Level III NICU in a quaternary hospital in the U.S. Northeast.

PARTICIPANTS

Medical records of preterm infants from 23 0/7 weeks to 31 6/7 weeks gestational age who were eligible for initiation of oral feeding.

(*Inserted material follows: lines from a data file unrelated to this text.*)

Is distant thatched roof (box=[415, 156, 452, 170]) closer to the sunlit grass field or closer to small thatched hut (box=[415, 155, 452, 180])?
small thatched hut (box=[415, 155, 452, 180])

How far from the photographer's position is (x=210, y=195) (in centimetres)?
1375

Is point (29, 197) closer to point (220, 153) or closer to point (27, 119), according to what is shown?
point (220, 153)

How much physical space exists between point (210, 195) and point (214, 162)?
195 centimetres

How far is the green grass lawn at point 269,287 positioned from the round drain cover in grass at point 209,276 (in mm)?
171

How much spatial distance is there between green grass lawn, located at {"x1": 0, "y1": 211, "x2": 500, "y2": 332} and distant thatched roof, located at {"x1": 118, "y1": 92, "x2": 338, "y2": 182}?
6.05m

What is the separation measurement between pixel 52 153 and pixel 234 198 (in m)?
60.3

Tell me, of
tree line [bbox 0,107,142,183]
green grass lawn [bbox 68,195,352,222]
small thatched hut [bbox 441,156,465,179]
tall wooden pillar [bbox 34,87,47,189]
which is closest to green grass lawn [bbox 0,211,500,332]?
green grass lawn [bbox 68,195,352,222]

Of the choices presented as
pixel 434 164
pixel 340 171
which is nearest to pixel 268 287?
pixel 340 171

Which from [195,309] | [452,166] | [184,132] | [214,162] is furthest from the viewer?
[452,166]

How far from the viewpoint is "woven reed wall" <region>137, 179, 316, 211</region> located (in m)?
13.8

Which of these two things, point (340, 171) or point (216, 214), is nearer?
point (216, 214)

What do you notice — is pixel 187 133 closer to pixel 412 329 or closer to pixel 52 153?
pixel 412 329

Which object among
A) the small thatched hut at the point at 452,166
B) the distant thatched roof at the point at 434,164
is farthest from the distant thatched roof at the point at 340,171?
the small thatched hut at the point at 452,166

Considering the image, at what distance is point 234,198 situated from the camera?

INTERVENTION/MEASUREMENTS: We implemented cue-based feeding through staff education and training. We completed a retrospective review of the medical records of 82 preterm infants before implementation and 167 preterm infants after implementation for the outcomes of time to achieve full oral feedings, length of stay, and parents' involvement in the feeding process.

RESULTS

For infants 23 0/7 weeks to 27 6/7 weeks gestation, time to achieve full oral feedings decreased by 7 days, length of stay decreased by 4.4 days, and parents' involvement in the feeding process increased by 80% from before to after implementation. For infants 28 0/7 weeks to 31 6/7 weeks, time to achieve full oral feedings decreased by 6.6 days, length of stay decreased by 2.7 days, and parents' involvement in the feeding process increased by 49% from before to after implementation. The organization saved $103,950 per year by decreasing length of stay.

CONCLUSIONS

Cue-based feeding decreased time to achieve full oral feedings, decreased length of stay, increased parents' involvement in the feeding process, and resulted in cost savings for the institution.

摘要

目的

为早产儿实施基于提示的喂养,并评估其对达到完全口服喂养时间、住院时间和父母参与喂养过程的影响。

设计

一项质量改进项目,采用基于证据的实践实施前后设计。

地点

美国东北部四级医院的三级新生儿重症监护病房。

参与者

符合开始口服喂养条件的 23 0/7 周至 31 6/7 周胎龄的早产儿的病历。

干预/措施:我们通过员工教育和培训实施基于提示的喂养。我们对实施前的 82 名早产儿病历和实施后的 167 名早产儿病历进行了回顾性审查,以评估达到完全口服喂养时间、住院时间和父母参与喂养过程的结果。

结果

对于 23 0/7 周至 27 6/7 周胎龄的婴儿,达到完全口服喂养的时间缩短了 7 天,住院时间缩短了 4.4 天,父母参与喂养过程的比例从实施前的 20%增加到实施后的 80%。对于 28 0/7 周至 31 6/7 周胎龄的婴儿,达到完全口服喂养的时间缩短了 6.6 天,住院时间缩短了 2.7 天,父母参与喂养过程的比例从实施前的 51%增加到实施后的 49%。该组织通过缩短住院时间每年节省 103950 美元。

结论

基于提示的喂养缩短了达到完全口服喂养的时间,缩短了住院时间,增加了父母对喂养过程的参与度,并为机构节省了成本。